Well, I rode on for an hour or more until the path led me down to the
very edge of the tide, where I had rough going over a cobbled strand. At
a certain place, which I need not describe, the girth slipped and I had
to dismount to tighten it. And now, friend, I've brought you into the
bit at last; and you can draw your own moral, for it was there, standing
almost in the wash, as I was--"
He seemed to hesitate on the phrase.
"You found the doubloon?" I finished for him.
"Winking up at me from the beach like a yellow eye!" he roared, and his
big fist crashed upon the table and dropped a silence between us. I sat
non-plused.
"Nobody could blame you after that," I said, at length, "for thinking
you had a lucky. As you tell it, the whole purpose of your Odyssey was
the finding of that pocket piece."
I should have laughed--had I not chanced to meet his clear blue gaze
fixed upon me with deadly candor.
"Is such your opinion?" he asked.
"You were certainly justified in backing the thing for all you were
worth," I answered lamely.
"I see I may have to punch your head after all." He smiled quietly.

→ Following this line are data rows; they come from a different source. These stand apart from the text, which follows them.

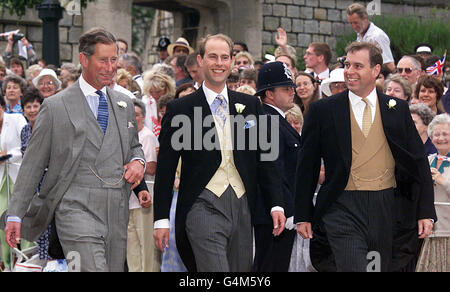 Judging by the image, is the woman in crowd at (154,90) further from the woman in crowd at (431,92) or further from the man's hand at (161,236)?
the man's hand at (161,236)

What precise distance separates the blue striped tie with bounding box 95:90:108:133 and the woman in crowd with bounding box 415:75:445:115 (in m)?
4.20

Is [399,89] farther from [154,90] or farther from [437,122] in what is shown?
[154,90]

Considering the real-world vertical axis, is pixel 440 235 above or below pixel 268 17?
below

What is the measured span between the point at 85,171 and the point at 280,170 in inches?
67.9

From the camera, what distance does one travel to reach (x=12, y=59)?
14.0 meters

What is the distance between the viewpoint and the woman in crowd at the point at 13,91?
36.3 feet

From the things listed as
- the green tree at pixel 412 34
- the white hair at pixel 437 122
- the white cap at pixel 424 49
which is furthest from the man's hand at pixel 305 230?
the green tree at pixel 412 34

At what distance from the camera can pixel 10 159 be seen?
9125 millimetres

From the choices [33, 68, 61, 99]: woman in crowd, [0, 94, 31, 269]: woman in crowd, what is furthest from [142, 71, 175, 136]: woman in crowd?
[33, 68, 61, 99]: woman in crowd

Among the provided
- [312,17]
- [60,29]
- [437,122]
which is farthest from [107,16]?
[437,122]

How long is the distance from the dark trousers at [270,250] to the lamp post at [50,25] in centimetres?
911

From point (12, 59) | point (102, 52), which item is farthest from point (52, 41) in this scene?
Result: point (102, 52)

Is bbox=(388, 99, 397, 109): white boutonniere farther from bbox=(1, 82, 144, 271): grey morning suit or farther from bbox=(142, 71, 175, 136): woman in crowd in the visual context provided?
bbox=(142, 71, 175, 136): woman in crowd

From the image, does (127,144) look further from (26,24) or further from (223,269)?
(26,24) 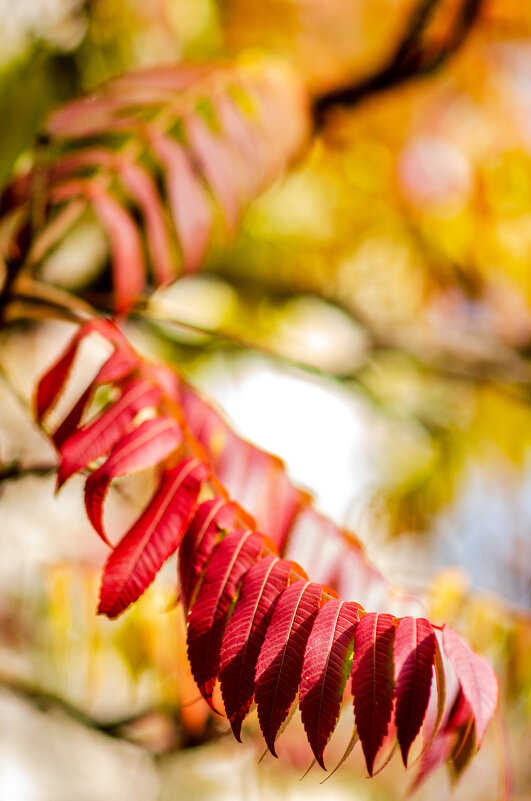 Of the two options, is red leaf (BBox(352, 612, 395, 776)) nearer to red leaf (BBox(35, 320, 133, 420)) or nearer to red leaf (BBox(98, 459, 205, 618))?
red leaf (BBox(98, 459, 205, 618))

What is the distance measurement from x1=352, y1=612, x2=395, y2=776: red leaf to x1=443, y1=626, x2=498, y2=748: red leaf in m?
0.06

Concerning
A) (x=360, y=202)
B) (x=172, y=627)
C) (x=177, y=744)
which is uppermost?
(x=360, y=202)

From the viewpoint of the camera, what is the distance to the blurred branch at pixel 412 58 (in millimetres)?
1894

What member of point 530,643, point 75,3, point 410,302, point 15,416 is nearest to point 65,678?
point 15,416

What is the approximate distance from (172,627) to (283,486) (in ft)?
2.72

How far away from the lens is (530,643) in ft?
4.97

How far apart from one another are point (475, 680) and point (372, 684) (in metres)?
0.11

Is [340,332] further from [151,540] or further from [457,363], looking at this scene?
[151,540]

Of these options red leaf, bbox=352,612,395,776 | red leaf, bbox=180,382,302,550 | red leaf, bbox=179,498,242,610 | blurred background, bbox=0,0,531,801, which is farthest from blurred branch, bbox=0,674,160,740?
red leaf, bbox=352,612,395,776

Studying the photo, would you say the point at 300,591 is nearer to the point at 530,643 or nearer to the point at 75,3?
the point at 530,643

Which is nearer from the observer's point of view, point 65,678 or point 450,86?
point 65,678

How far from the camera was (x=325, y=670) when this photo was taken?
1.69 feet

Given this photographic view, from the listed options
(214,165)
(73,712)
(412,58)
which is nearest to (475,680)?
(214,165)

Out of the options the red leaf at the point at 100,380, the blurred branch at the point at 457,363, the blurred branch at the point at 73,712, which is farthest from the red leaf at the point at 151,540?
the blurred branch at the point at 457,363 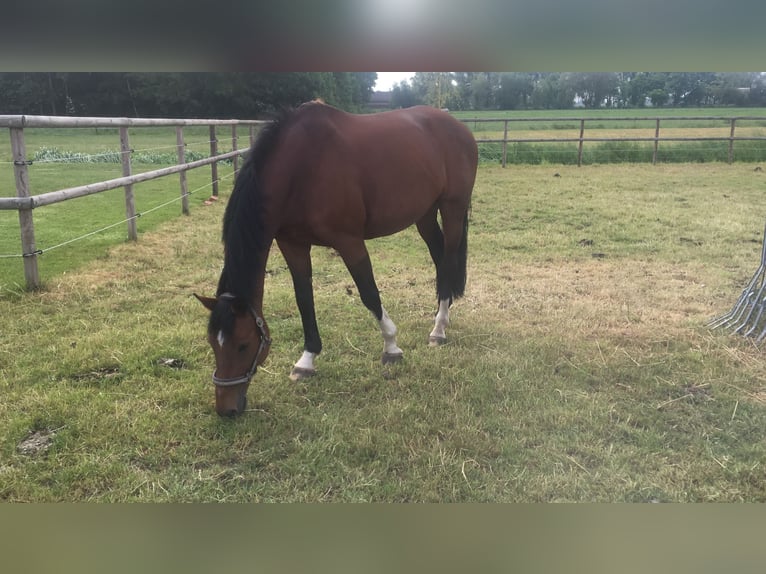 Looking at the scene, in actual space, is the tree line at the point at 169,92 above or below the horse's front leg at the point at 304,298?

"I've no skill to show you how it struck me; that's the trouble."
He reached into his pocket again and this time brought out and
flattened carefully before him, with his powerful, deliberate hands, a
little red-bound pamphlet. "Then let me show you what I'd been reading
along the way."
* * * * *
I took the pamphlet from him with expectation at low ebb. It was the
guidebook to Madeira, a product of the local printer, I judged, thrown
together to catch the coppers of the tourist trade. I took it, I say,
rather skeptically, and glanced down the page to which he had folded;
but before I had scanned the half a shock went through me. My
incredulity vanished like mist in a wind. For here is what I read:
_As for the dixovery of this lovely Island of Maderia, which is
indeed a glorious pearl in the sea, it was probable in 1370; but
not by the Portuguese, which come much later. The first was
dixovered by sad accident by a lovely, oldest legend, by an
Englishman named Robin a Machin, Roberto Machim, or Robert Matcham.
He was brave lover of a too beautiful woman to describe, named Anna
d'Arfet, his dear love, which he could not marry because the
enterprise was not recommended by the patrons.